A mass of 6 kg is suspended by a rope of length 2 m from the ceiling. A force of 50 N in the horizontal direction is applied at the midpoint P of the rope. As shown. What is the angle the rope makes with the vertical in equilibrium? (take \[g = 10\,ms^{ - 2} \]). Neglect the mass of the rope.

Answer 1

Hint: Apply Newton’s second law of motion at point P and balance the forces.
In the given question, the mass is not moving vertically downwards. Therefore, the whole system is in the equilibrium.
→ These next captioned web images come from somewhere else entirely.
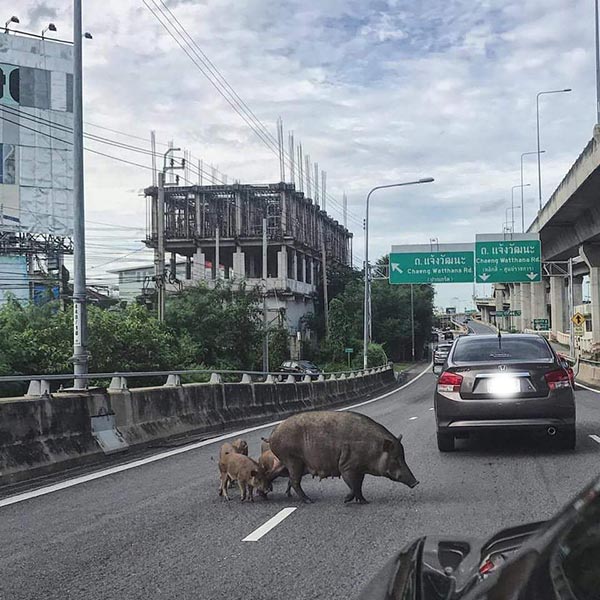 หมูป่าบนทางด่วน หมูป่าบนทางด่วน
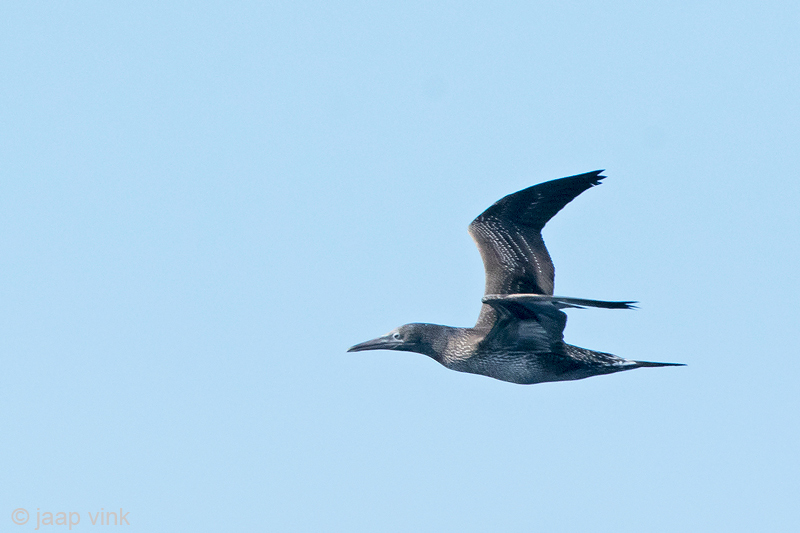 Northern Gannet - Jan-van-Gent - Morus bassanus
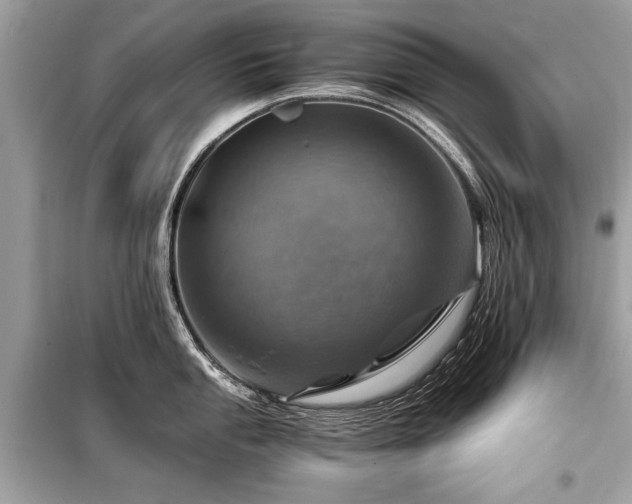X0000099531053200805161207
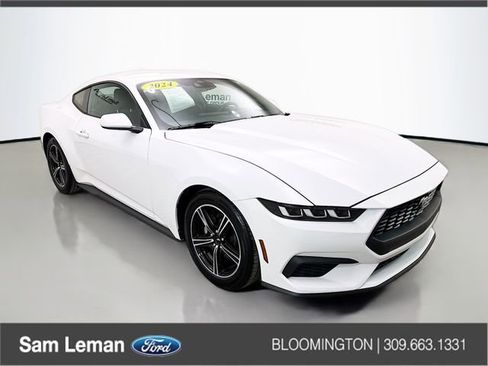 Used 2024 Ford Mustang Coupe image 1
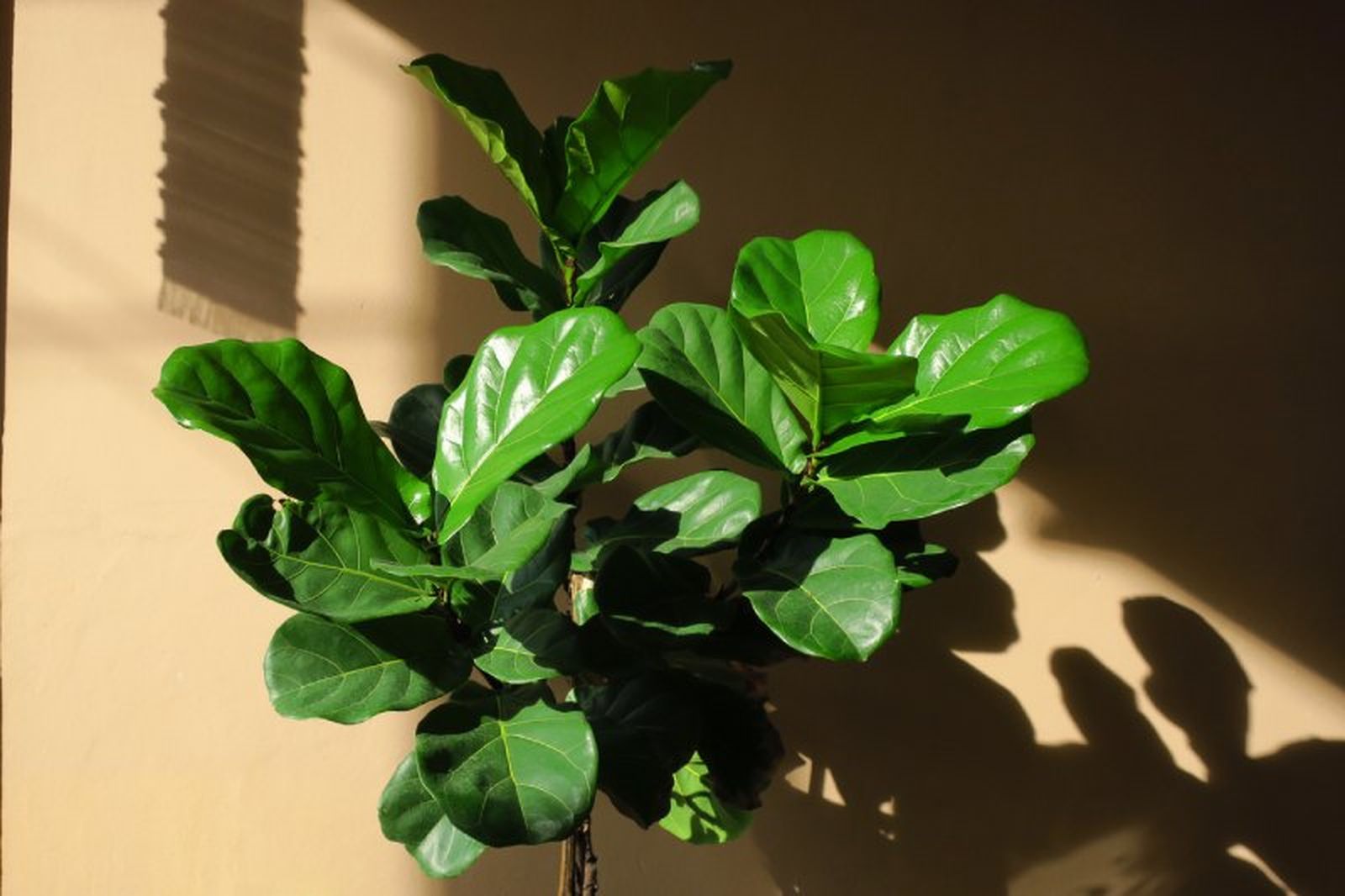 Higuera de hoja de violín Higuera de hoja de violín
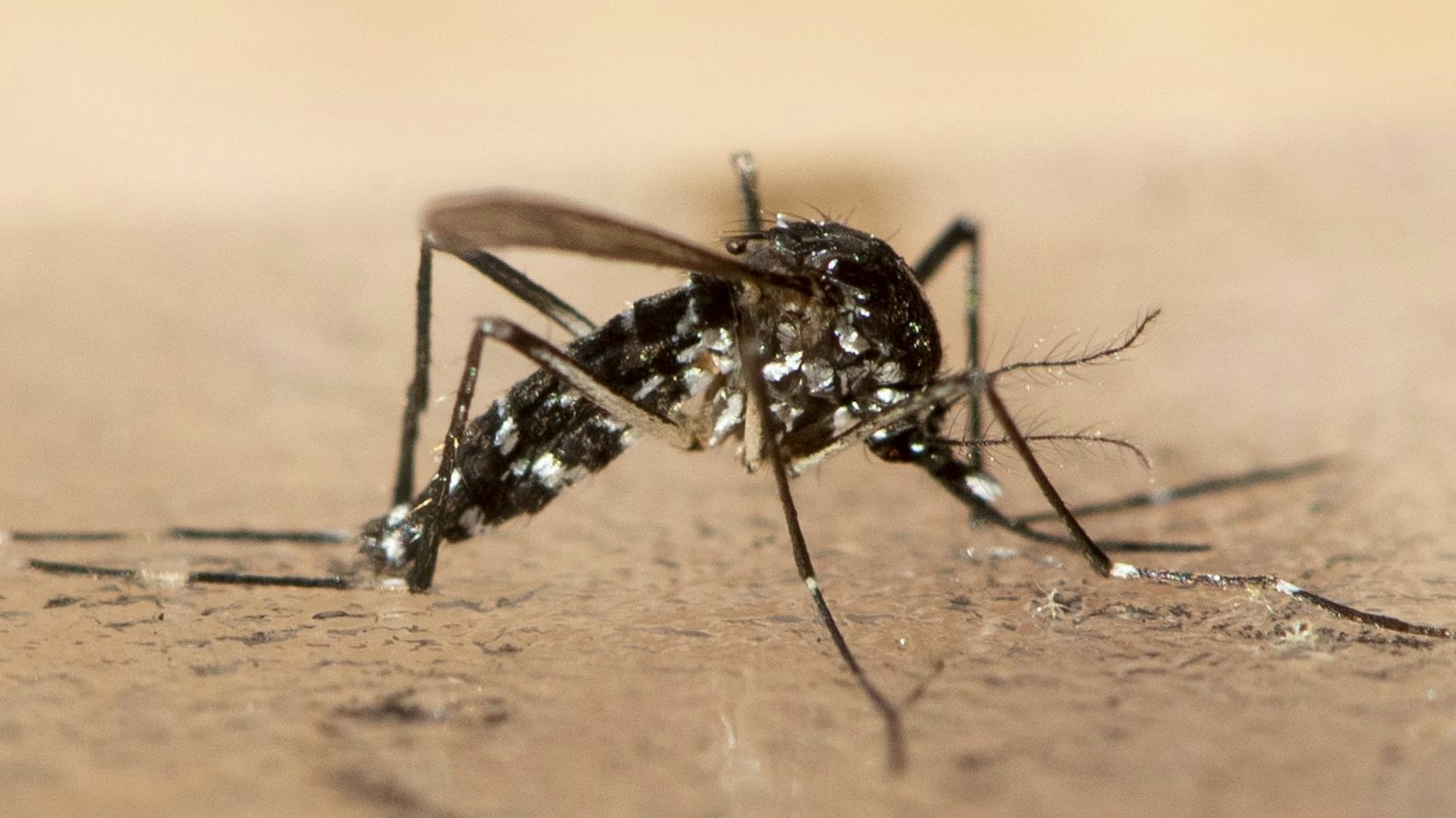 Eine tote Asiatische Tigermücke. In Südeuropa ist die gefährliche Krankheiten übertragende Asiatische Tigermücke schon länger heimisch, seit einiger Zeit breitet sie sich auch in Deutschland aus.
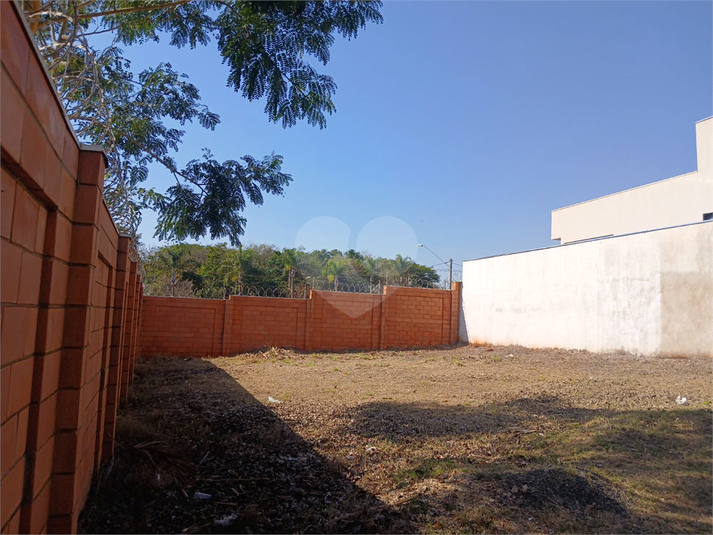 Foto REO1105494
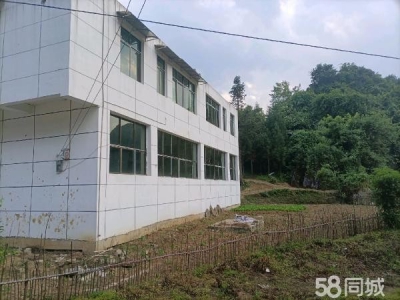 (出售) 楼下门面，楼上住房，是三层楼的地基，有条件还可加层图2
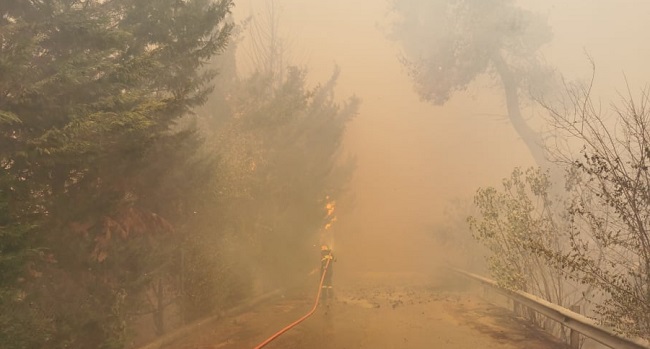 Διόνυσος: Μάχη με τις φλόγες δίνουν Πυροσβέστες, υπάλληλοι της Πολιτικής Προστασίας του Δήμου και εθελοντές για να σβήσει η μεγάλη φωτιά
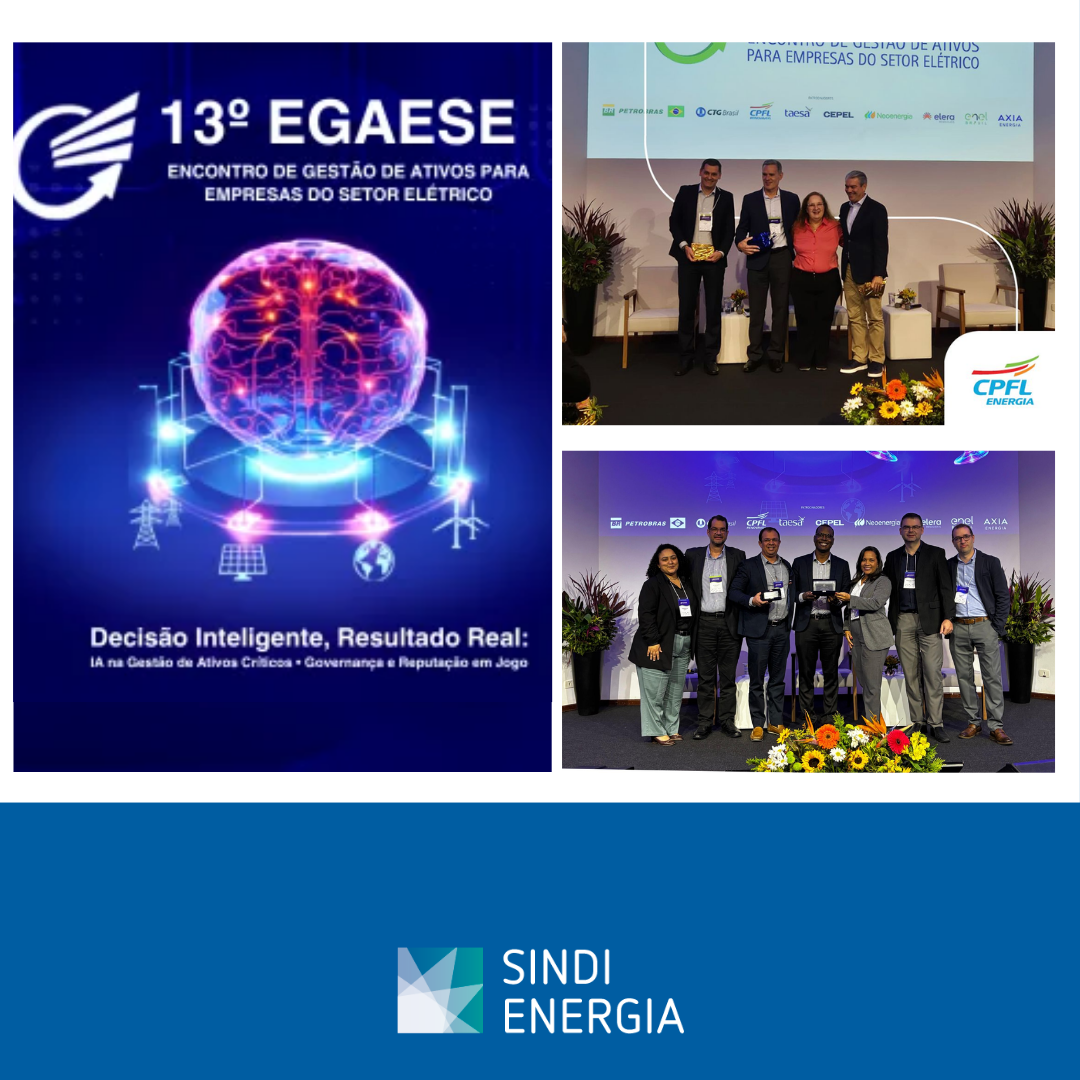 CPFL Energia e Neoenergia conquistam reconhecimentos no 13º EGAESE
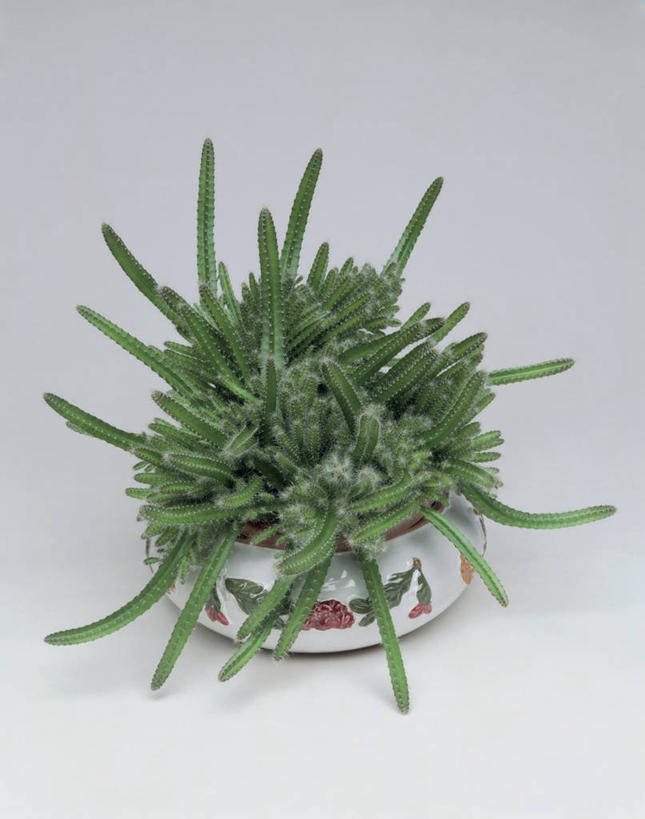 无人,竖图,室内,特写,植物,仙人掌,叶子,一个,绿色,摄影,生长,单个,彩图,影棚拍摄,肉质植物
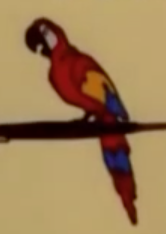 Romulus the Parrot (Book)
Thus, applying Newton’s second law at any point on the rope will give the tension force.

Complete step by step answer:
Let us apply Newton’s second law at point P in the horizontal direction.
\[
F_{horizontal} = ma
\]


Here, \[
F_{horizontal}
\] is the net horizontal force.

Therefore,
\[
T_1 - T_1 \sin \theta = ma
\]

Since mass is not moving, the acceleration of the mass is zero. Therefore, the above equation will become,
\[
T_1 - T_1 \sin \theta = m\left( 0 \right)
\]

\[
 \Rightarrow T_1 \sin \theta = T_1
\]
                                                                                                                                              ...... (1)

Let us apply Newton’s second law at point P in the vertical direction.
\[
F_{vertical} = ma
\]


Here, \[F_{vertical} \] is the net vertical force.

Therefore,
\[
T_1 \cos \theta - T_2 = ma
\]


Since mass is not moving, the acceleration of the mass is zero. Therefore, the above equation will become,\[T_1 \cos \theta - T_2 = m\left( 0 \right)\]

\[
 \Rightarrow T_1 \cos \theta = T_2
\]
                                                                                                                                             ...... (2)

Since the mass is in the equilibrium, the tension \[T_2 \] is balanced by the tension \[T_3 \]. Also, the tension in the rope \[T_3 \] must be equal to the weight of the mass.

The mass is 6 kg wt. Therefore, the weight of the mass is,
\[
W = mg
\]


Here, \[m\] is the mass and \[g\] is the acceleration due to gravity.

Therefore,
\[
W = \left( {6\,kg\,wt} \right)\left( {10\,ms^{ - 2} } \right)
\]

\[
W = 60\,N
\]


Therefore, \[
T_3 = W = 60\,N
\].

Substitute \[T_3 \] for \[T_2 \] in equation (2).
\[T_1 \cos \theta = T_3 \]

Divide equation (1) by the above equation, we get,
\[
\dfrac{{T_1 \sin \theta }}
{{T_1 \cos \theta }} = \dfrac{{T_1 }}
{{T_3 }}
\]

\[
\dfrac{{\sin \theta }}
{{\cos \theta }} = \dfrac{{T_1 }}
{{T_3 }}
\]

\[
 \Rightarrow \tan \theta = \dfrac{{T_1 }}
{{T_3 }}
\]


Substitute 50 N for \[T_1 \] and 60 N for \[T_3 \] in the above equation.
\[
\tan \theta = \dfrac{{50\,N}}
{{60\,N}}
\]

\[
\tan \theta = \dfrac{5}
{6}
\]

\[
 \Rightarrow \theta = \tan ^{ - 1} \left( {\dfrac{5}
{6}} \right)
\]

\[
\therefore \theta = 39.8^\circ
\]


Therefore, the makes an angle \[
39.8^\circ
\]
 with the vertical.

Note:
while applying Newton’s second law at a point be specific with the direction of forces. One can assume the force acting towards the right of the point P as a positive and towards the left as negative or vice versa. Also, assume the force acting upward as positive and the force acting downward as negative.